Ronnie: Normally this would be the end of it but I felt compelled to interject to remind you of The Adventures of Superman. I remember when I watched an episode for that Lois & Clark that “adapted” an Adventures of show I was charmed by the cheesiness and George Reeves’ performance. Anyway, just wanted to put that out there as an option–and my option–for “best live action Superman show”.
Odds & Ends
-Space people being British is a proud and stupid tradition and Krypton is in keeping with that. Sorry, but the gobbledygook still sounds dumb regardless of accent. You could be doing Swahili and my eyes would still glaze over.
-There are integrated black Kryptonians, so rest assured that despite Geoff Johns’ faux pas no one thought to adapt Vathlo Island. Not yet at least.

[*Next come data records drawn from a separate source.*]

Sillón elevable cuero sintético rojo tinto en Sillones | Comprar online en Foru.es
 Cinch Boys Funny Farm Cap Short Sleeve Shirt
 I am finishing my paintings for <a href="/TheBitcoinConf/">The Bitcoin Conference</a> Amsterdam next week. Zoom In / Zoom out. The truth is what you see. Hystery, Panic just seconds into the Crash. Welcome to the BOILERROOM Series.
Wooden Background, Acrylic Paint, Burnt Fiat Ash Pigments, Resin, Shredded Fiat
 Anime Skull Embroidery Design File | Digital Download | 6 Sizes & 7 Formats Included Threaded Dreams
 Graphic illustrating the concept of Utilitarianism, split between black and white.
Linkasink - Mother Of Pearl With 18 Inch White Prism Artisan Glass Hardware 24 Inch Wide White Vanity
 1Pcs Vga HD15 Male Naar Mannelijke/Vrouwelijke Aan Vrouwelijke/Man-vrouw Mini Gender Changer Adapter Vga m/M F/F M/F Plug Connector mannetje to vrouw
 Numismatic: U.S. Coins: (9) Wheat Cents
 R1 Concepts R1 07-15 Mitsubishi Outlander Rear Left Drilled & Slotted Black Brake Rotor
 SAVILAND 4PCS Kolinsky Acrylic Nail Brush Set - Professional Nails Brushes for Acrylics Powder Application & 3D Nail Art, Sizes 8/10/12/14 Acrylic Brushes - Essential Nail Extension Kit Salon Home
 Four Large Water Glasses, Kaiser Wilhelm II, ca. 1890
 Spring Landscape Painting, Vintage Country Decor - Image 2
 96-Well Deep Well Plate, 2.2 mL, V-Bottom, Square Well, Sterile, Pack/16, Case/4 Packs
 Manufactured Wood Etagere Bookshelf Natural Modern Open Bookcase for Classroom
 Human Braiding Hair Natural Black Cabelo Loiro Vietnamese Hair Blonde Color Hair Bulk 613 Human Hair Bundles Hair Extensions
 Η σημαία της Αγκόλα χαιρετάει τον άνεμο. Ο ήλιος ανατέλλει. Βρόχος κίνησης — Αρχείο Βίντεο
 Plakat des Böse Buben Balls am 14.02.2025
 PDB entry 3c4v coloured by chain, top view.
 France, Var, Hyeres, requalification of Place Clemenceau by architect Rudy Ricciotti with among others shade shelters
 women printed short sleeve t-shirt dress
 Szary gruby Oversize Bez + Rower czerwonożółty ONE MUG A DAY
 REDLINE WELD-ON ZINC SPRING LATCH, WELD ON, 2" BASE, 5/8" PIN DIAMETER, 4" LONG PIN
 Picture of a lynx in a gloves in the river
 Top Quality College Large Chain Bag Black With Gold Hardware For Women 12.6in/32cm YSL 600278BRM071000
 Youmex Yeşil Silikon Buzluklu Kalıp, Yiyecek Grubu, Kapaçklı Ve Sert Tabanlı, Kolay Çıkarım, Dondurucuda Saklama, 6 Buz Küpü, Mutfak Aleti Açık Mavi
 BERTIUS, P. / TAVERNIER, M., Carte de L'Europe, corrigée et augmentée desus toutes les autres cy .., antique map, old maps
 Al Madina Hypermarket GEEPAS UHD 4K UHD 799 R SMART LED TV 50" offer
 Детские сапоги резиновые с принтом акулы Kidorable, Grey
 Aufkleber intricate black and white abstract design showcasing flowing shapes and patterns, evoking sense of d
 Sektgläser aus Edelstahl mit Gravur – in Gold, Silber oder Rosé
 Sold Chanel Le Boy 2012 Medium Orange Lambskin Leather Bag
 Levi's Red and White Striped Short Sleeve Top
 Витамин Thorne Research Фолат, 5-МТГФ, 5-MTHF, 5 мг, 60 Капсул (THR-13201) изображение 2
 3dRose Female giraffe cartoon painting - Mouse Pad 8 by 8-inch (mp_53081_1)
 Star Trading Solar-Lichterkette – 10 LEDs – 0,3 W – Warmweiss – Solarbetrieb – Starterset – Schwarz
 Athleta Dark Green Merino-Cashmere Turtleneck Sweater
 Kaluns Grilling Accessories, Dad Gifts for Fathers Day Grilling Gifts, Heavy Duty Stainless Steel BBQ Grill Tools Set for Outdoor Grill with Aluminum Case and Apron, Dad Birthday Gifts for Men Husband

.Here’s an annoying thing about Krypton (the planet, not the show, (Well, also the show, but it’s not a problem native to the show)), if Kryptonians have been married off for political reasons and conceive children through chemistry or whatever, why do they still fall in love? Like, what’s the evolutionary advantage of developing feelings for someone if it doesn’t lead to pair bonding and reproduction? Love is basically a drug our own body doses us with in order to make us dumb enough to go through the potentially deadly and almost always excruciating process of childbirth and stick around each other for twenty odd years until the stupid kids brain finishes growing and they stumble off to repeat the whole cycle. No sensible woman would agree to all that if they were thinking clearly, and most level headed men would ditch at the first sign of trouble because honestly, who needs the aggravation? Marriage and parenthood are prisons! Man made prisons! You’re doing time! It’s a ridiculous setup and nature knows that so it dopes us up real good with love and affection and compassion and all that other horseshit. If Krypton were a society that had been matching people through eugenics AI and growing kids in tubes, you’d think love would just fade away. And that’s the one element of Krypton that doesn’t make scientific sense.
-Late in Season 2 the show introduces Black Mercy, the plant from “For The Man Who Has Everything”. DC productions are contractually obligated to try to provoke Alan Moore.